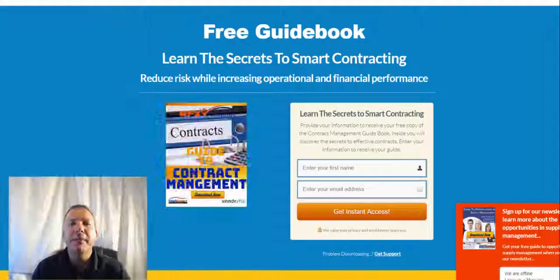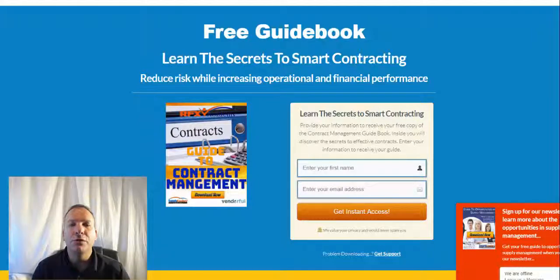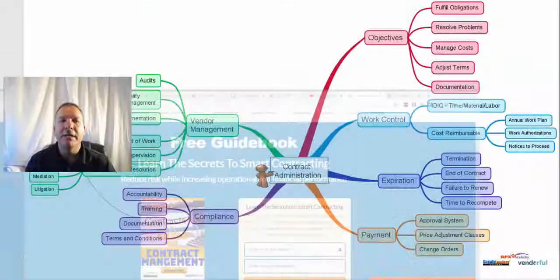If you're wondering about contract management, we have a free guide just for you that you can use right at your desktop. Just go there, put in your name and your email address, download the guide, and you have it as your quick reference to contract management.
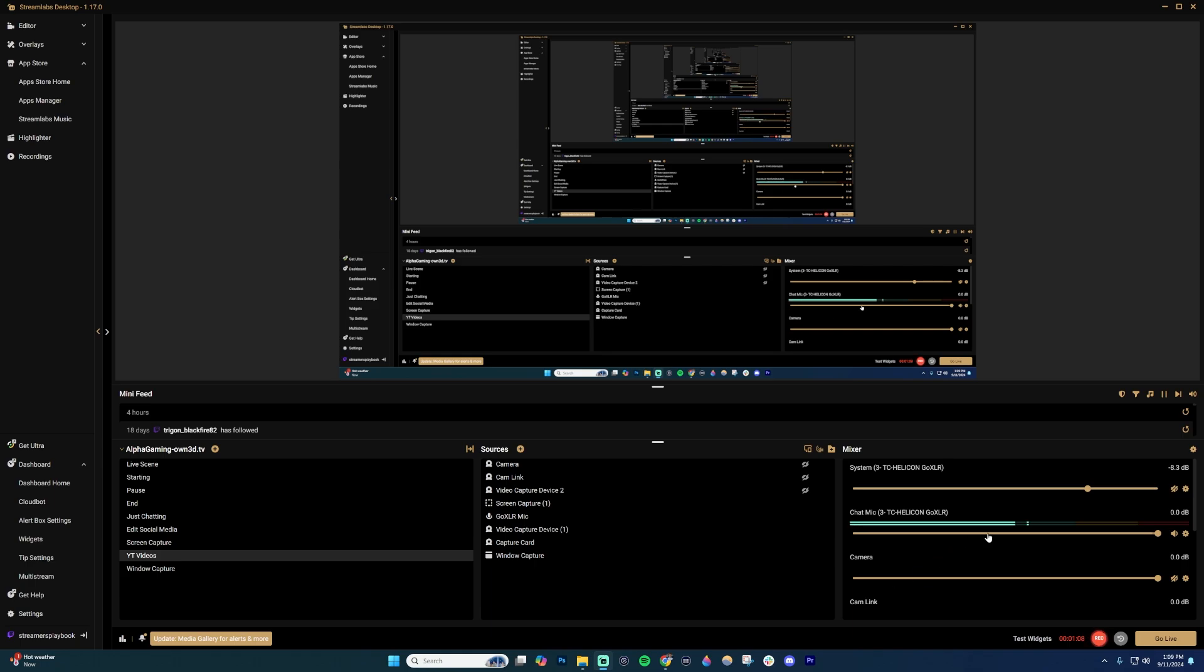So typically when you're streaming though, I recommend having your chat mic being the loudest of the three, gameplay second loudest, that background music the third loudest. And again, you can just play around with these.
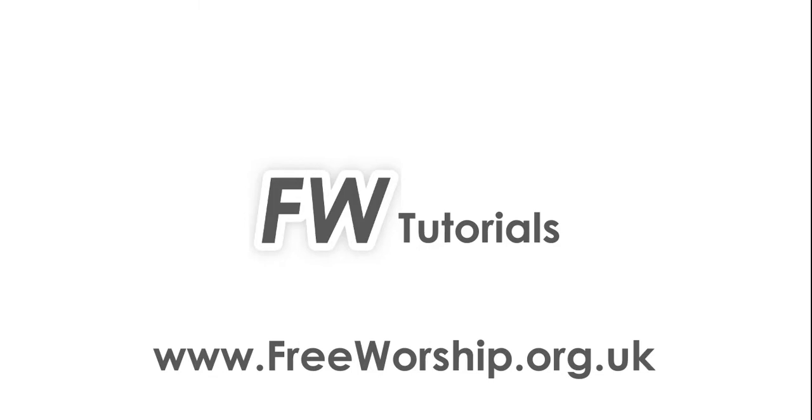So I've been Peter at Free Worship with the video tutorial. So please check out our other tutorials at freeworship.org.uk. So we'll see you next day.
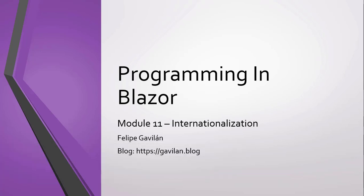Hello, my name is Felipe Gavilan, and in this module, we will talk about globalization and localization.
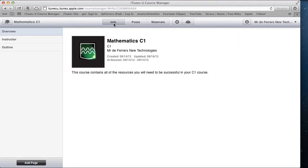We've covered everything on the Info section at the top here now, so we're going to skip along, miss out posts for a minute, and have a look at the Materials section now.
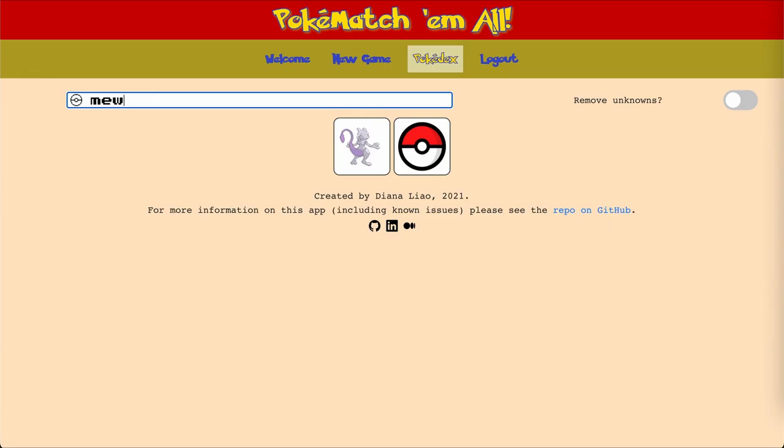The sprites and text were provided by an external API called the Poké API, using a custom rake task in the Rails backend to gather information from several endpoints. I hope you enjoyed this demo, and I welcome any questions or feedback. Thanks!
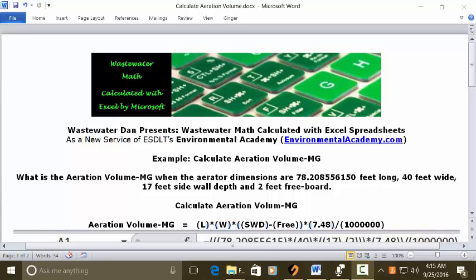Wastewater Dam presents Wastewater Math Calculated with Excel Spreadsheets. As a new service of VSTLT's Environmental Academy, environmentalacademy.com, today's example: calculate aeration volume mg, which is million gallons.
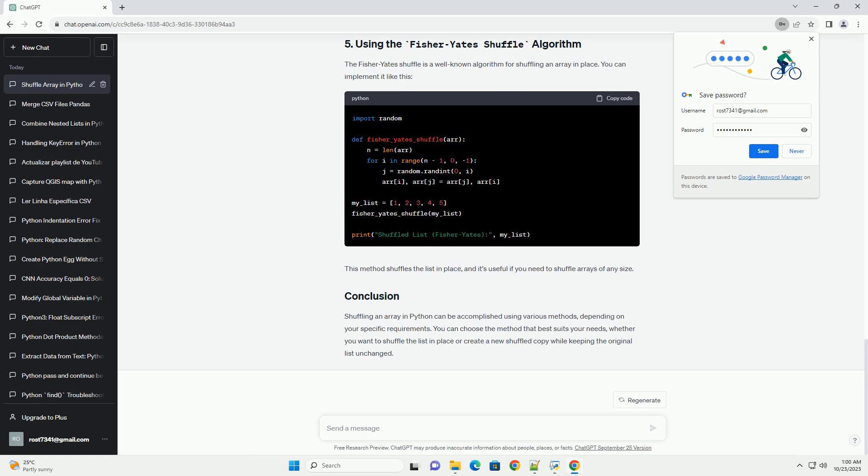The Fisher-Yates shuffle is a well-known algorithm for shuffling an array in place. You can implement it like this. This method shuffles the list in place, and it's useful if you need to shuffle arrays of any size.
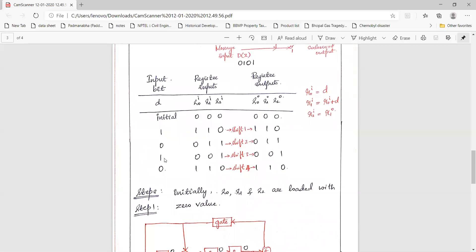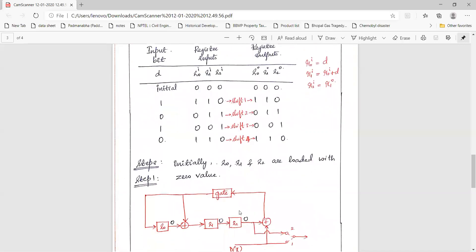Next, we feed d1 which equals 1. Previous outputs are r0o=0, r1o=1, r2o=1. So 1 XOR 1 gives 0, meaning r0i=0 and the XOR gate also outputs 0. The previous output of r0 (0) XORed with 0 gives 0, so r1i=0. The previous output of r1 was 1, so r2i=1. Register inputs are r0i=0, r1i=0, r2i=1. After the third shift, outputs are r0o=0, r1o=0, r2o=1.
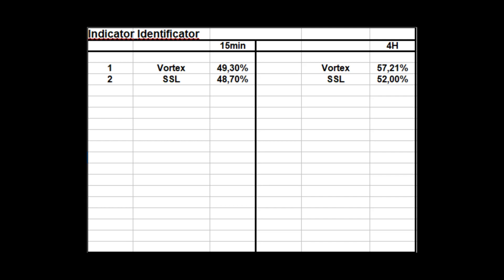At the end, let's have a quick look at our leaderboard. The Vortex is still placed number one at both the 15-minute and the 4-hour chart with an unbelievable 57.21% — it performs pretty well at higher time frames. The SSL is placed number two. Not too bad, but I think we can find better ones. That's it for today's video. Goodbye.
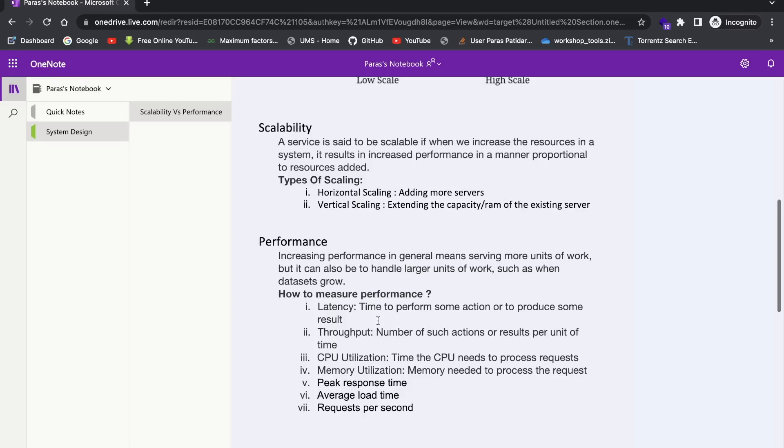So yeah, these are some of the things which you can go through while working on performance and scalability and all the things. So yeah, that's all guys from my side. So hope you got that idea of scalability and performance. If you love this thing, which I'm trying to explain to you guys, please like, share my channel. I will be adding more videos and suggestions. So thank you so much.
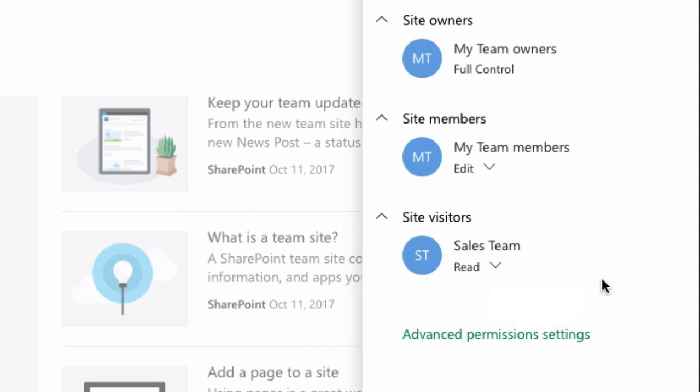So in this video I showed you how to change the advanced permissions and add an existing group to the site visitors group on your team site.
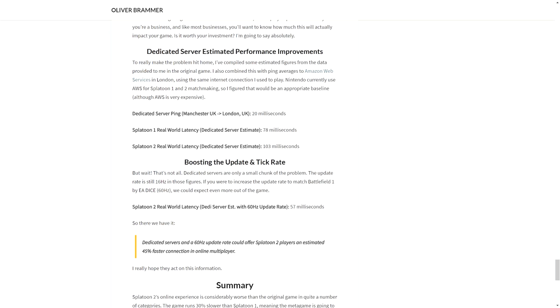If they would use dedicated servers, here's an example of what could happen: between Manchester UK and London UK, the ping would be about 20 milliseconds on a dedicated server. So Splatoon 1's real world latency if they had dedicated servers is about 78 milliseconds, while Splatoon 2's would be 103, which is an improvement over the original Splatoon. And if Splatoon 2 had a real world latency with 60 hertz update rate, it could hit 57 milliseconds, which would be about a 40% increase over what the connection speed is right now.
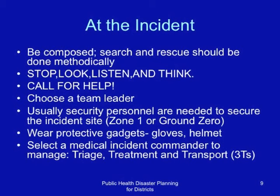At the incident, it is important to be composed. Search and rescue should be done methodically. Stop, look, listen, and think, and call for help. Choose a team leader. Usually security personnel are needed to secure the incident site.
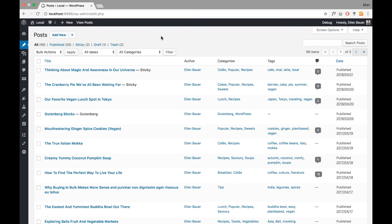Let's get started walking through the Gutenberg blocks as they are available at the moment. I'm here in my admin area and I've created a post called 'Gutenberg Blocks' just to show the blocks of Gutenberg and test it with our Bukeco theme, which I just recently prepared to work with the Gutenberg plugin and already shows the theme style.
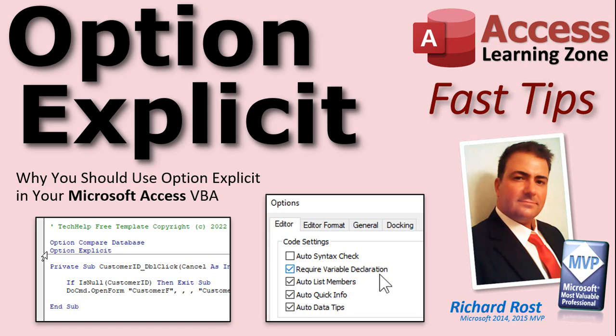Welcome to another Fast Tips video brought to you by AccessLearningZone.com. I am your instructor Richard Rost. In today's video I'm going to teach you why you should use the Option Explicit command in your Microsoft Access VBA.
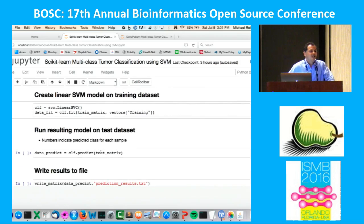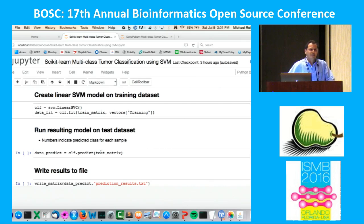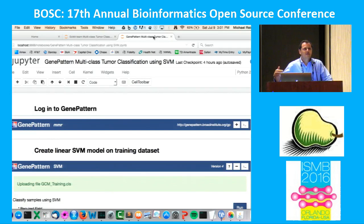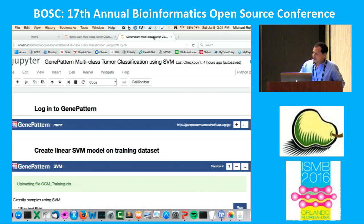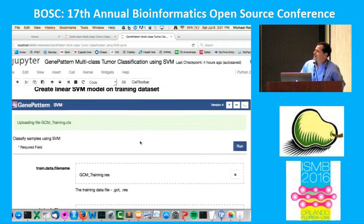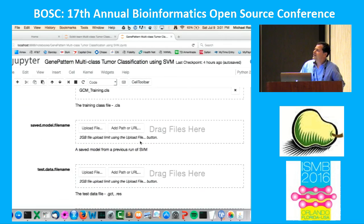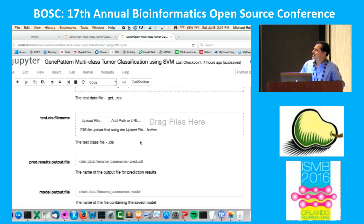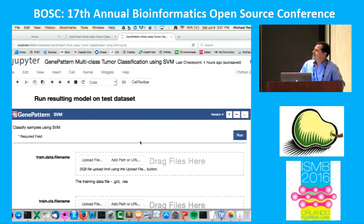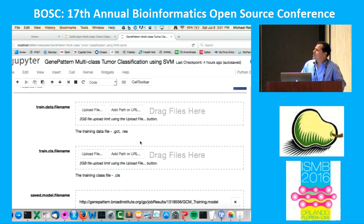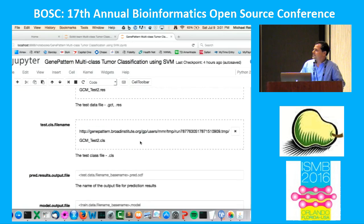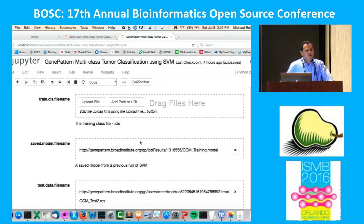Yes, I trained a model with one line of code, and I ran that model on a test set with one line of code — but look at all the things I needed to do to get here. Now, taking a look at the GenePattern notebook that does the same thing: we log into a GenePattern server, we create an SVM model on our training dataset, and there's no code. I'm filling in fields of an HTML form and uploading datasets. Once done, I send the resulting file to another SVM analysis that will run our module on the model I just created. You can see the difference in coding required between Jupyter with Python and Jupyter with the GenePattern notebook extension.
______________________________
▶ [Work instruction]:
Reproduce word for word, with pictures dropped, only the part of the material above that opens with the line containing "The sprites and" and closes with the line containing "The Fisher-Yates shuffle".

▶ [Solution for this task]:
The sprites and text were provided by an external API called the Poké API, using a custom rake task in the Rails backend to gather information from several endpoints. I hope you enjoyed this demo, and I welcome any questions or feedback. Thanks!
Wastewater Dam presents Wastewater Math Calculated with Excel Spreadsheets. As a new service of VSTLT's Environmental Academy, environmentalacademy.com, today's example: calculate aeration volume mg, which is million gallons.
The Fisher-Yates shuffle is a well-known algorithm for shuffling an array in place. You can implement it like this. This method shuffles the list in place, and it's useful if you need to shuffle arrays of any size.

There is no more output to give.